Instituer ou améliorer des programmes de congés parentaux payés

Fixer un objectif selon lequel les hommes vont assumer 50 % des tâches domestiques et de garde non rémunérées

Inciter le secteur privé à réaliser l’égalité salariale

*Conseil consultatif sur l’égalité des genres

Guerre d’images

Cinq photos, cinq versions

LA MALBAIE — Ultimes négociations hier matin au G7 : Donald Trump, assis, face à Angela Merkel et Emmanuel Macron, debout, entourés des autres dirigeants, discutant du communiqué final.

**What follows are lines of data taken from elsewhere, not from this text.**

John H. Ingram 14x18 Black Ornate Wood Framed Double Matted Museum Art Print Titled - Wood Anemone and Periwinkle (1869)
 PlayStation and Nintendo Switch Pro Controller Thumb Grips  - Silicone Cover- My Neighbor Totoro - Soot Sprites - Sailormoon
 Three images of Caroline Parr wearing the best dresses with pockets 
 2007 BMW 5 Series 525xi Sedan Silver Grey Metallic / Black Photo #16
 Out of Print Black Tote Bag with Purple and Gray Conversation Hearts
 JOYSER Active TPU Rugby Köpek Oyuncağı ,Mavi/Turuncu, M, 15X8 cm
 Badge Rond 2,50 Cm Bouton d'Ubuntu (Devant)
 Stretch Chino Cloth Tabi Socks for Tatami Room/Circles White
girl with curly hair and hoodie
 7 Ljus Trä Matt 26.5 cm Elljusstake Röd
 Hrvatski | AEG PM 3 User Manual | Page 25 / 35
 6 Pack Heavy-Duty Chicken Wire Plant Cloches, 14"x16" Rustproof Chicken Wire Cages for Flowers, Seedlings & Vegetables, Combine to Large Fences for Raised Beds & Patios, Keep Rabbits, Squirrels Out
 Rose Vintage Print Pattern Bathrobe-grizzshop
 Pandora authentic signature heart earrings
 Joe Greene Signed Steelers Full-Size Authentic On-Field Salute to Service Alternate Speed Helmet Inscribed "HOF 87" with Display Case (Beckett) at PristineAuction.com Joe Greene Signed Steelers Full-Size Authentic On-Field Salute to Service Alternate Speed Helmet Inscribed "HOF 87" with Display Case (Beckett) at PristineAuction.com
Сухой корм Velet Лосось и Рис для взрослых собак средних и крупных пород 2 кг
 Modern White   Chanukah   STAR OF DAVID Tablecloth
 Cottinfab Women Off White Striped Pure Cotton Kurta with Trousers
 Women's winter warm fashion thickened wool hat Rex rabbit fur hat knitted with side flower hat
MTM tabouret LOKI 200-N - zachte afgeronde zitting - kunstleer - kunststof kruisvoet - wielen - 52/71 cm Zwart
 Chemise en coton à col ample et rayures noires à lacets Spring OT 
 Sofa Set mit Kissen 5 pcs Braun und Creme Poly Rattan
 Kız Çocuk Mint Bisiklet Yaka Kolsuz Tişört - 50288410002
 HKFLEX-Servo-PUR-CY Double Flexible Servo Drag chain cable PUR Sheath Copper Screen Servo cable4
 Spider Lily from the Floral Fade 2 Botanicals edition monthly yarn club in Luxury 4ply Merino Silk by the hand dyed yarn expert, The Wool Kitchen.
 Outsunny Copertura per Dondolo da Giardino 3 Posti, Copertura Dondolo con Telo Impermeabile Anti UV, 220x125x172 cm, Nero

Un instant-clé fermé à la presse, mais capturé par les entourages des leaders, dont chacun raconte différemment le rapport de force.

L’une des versions, composée comme une peinture par un photographe primé par le World Press Photo, Jesco Denzel, est devenue immédiatement virale sur Twitter. Le cliché saisissant, pris par un photographe travaillant pour le gouvernement allemand, montre une chancelière pugnace qui domine un président américain presque passif. Tous les regards semblent fixés sur elle.

On y voit Angela Merkel appuyée en avant, les mains sur une table, penchée au-dessus d’un Donald Trump aux bras croisés, la tête levée vers elle. Peut-être regarde-t-il en fait Emmanuel Macron, debout près de Mme Merkel, mais le président français est largement masqué par un homme au premier plan. Sur cette photo, c’est donc elle qui mène la danse.

Le porte-parole d’Angela Merkel répondait ainsi à la porte-parole de la Maison-Blanche, Sarah Sanders, qui a publié sur Twitter la première photo de ce moment, vers 10 h 45, dans un coin d’une salle de l’hôtel Le Manoir Richelieu, à La Malbaie, où un petit-déjeuner de travail a eu lieu.

Son cliché montre un Donald Trump assis tranquillement de face, renversé sur sa chaise, bras croisés, l’air sceptique et presque narquois, tenant tête avec flegme à tous les autres dirigeants courbés vers lui comme pour plaider leur cause.

Macron convaincant

Sur son compte officiel, les communicants d’Emmanuel Macron ont été les premiers à réagir, un quart d’heure plus tard, avec un cliché bien différent. Pris de l’angle opposé, il montre le président français en train d’argumenter avec son homologue américain, faisant un geste de la main à l’italienne pour mieux le convaincre. Tous les autres le regardent, Trump est à peine visible et Angela Merkel est masquée par la tête de son collègue.

Le dirigeant italien Giuseppe Conte a lui aussi publié sa version, où il figure de dos, document en main, devant Angela Merkel et Emmanuel Macron qui ont là le rôle central.

Enfin, vers 14 h, le photographe officiel de l’hôte, Justin Trudeau, président du G7, publie la photo la plus neutre : un cliché pris de côté, qui montre notamment Mme Merkel et M. Macron débattant apparemment d’un document qu’ils tiennent en main, en regardant du côté des délégations américaine et japonaise.

Chacun se concerte du regard, sous l’œil d’un Justin Trudeau vigilant, qui semble jouer les arbitres.